OmicABEL: Story of a successful interdisciplinary collaboration; Diego Fabregat-Traver (AICES, RWTH Aachen, Germany), Yurii S. Aulchenko (SD RAS, Novosibirsk, Russia), Paolo Bientinesi (AICES, RWTH Aachen, Germany)
We discuss the main hurdles and results of a four-year long collaboration between a group of computer scientists and a group of computational biologists. Despite the difficulties inherent to every interdisciplinary collaboration, we can safely affirm that ours is a story of success: we recently released OmicABEL, a high-performance library for large-scale genome-wide association studies (GWAS) that attains remarkable speedups over the state-of-the-art tools, and most importantly, we attracted more research groups and paved the way for further joint research.
Due to the boost in the amount of available genomic data, computational biologists are eager to perform GWAS analyses of ever increasing size: a typical large analysis involves the computation of billions of generalized least-squares (GLS) problems and the processing of terabytes of data. Unfortunately, neither general nor domain-specific libraries provide a viable solution, requiring unreasonable computing resources and time to completion. Our main goal thus has been the development of efficient and scalable algorithms and routines for the computation of large-scale GWAS.
The main limitation in available tools is that they are based on the traditional black-box approach where the individual GLSs (or small subsets of them) are addressed in isolation. Instead, the key to a viable solver is to consider the entire grid of problems as a whole, taking advantage of the specific correlation among them, and to uncover and exploit as much domain knowledge as possible (e.g., the special structure of matrices). Based on this principle, our application-tailored algorithms lower the computational cost by orders of magnitude. Combining the efficiency of our algorithms with high-performance techniques to attain scalability, and out-of-core techniques to effectively manage datasets residing on disk, our library outperforms the state-of-the-art software by factors of up to 1000. Analyses that previously required the use of supercomputers can now be performed on one multi-core node in a matter of hours.
While a remarkable result, the outcome of our collaboration goes beyond OmicABEL. The collaboration turned into a breeding ground, with multiple research groups involved in the development of a variety of projects.
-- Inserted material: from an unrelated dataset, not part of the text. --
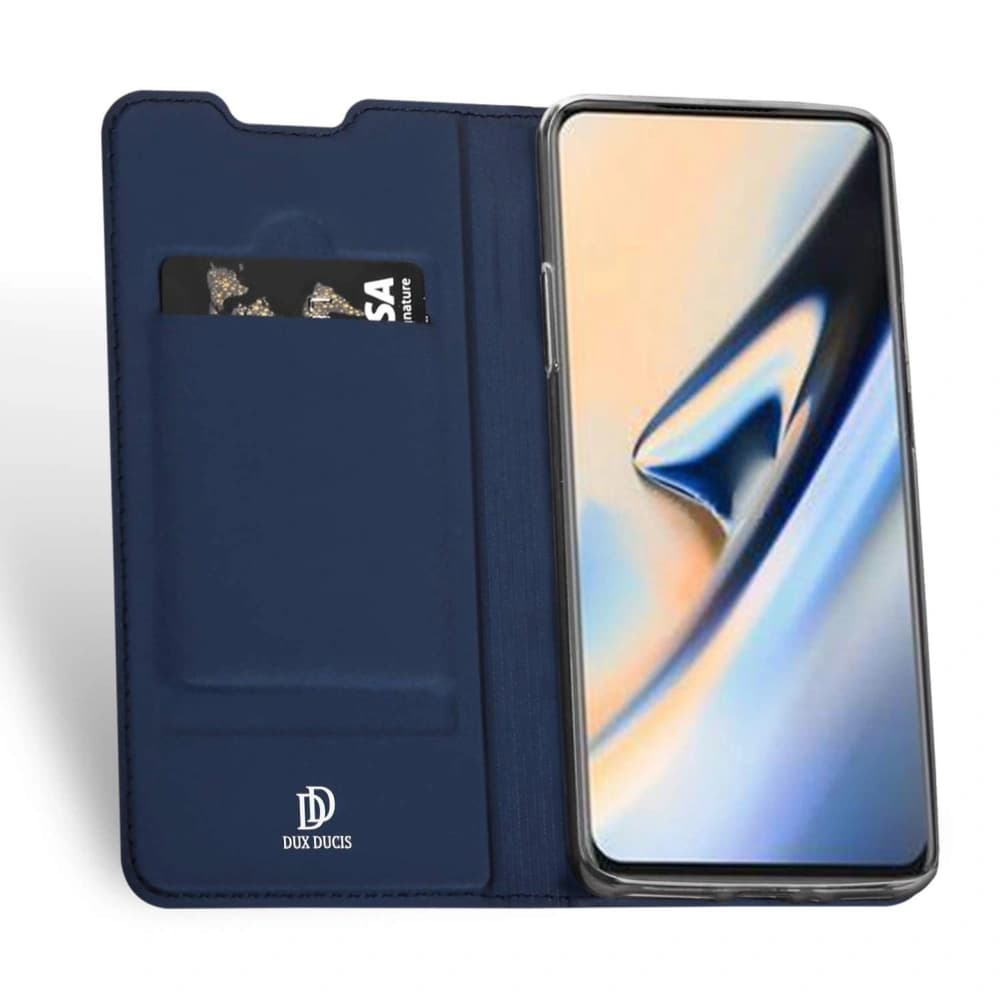 DuxDucis SkinPro OnePlus 7 Pro Blue - 1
Finally, we highlight the most important lesson we learned from this collaboration: There is a huge disconnection between the field of high-performance computing and the application domains. When both worlds come together, however, the quality of the outcome grows exponentially. In order to advance in the field of simulation sciences, it is imperative that experts from different fields sit together and work on filling this gap. Close collaboration and constant communication are crucial to overcome language barriers and to achieve satisfactory results.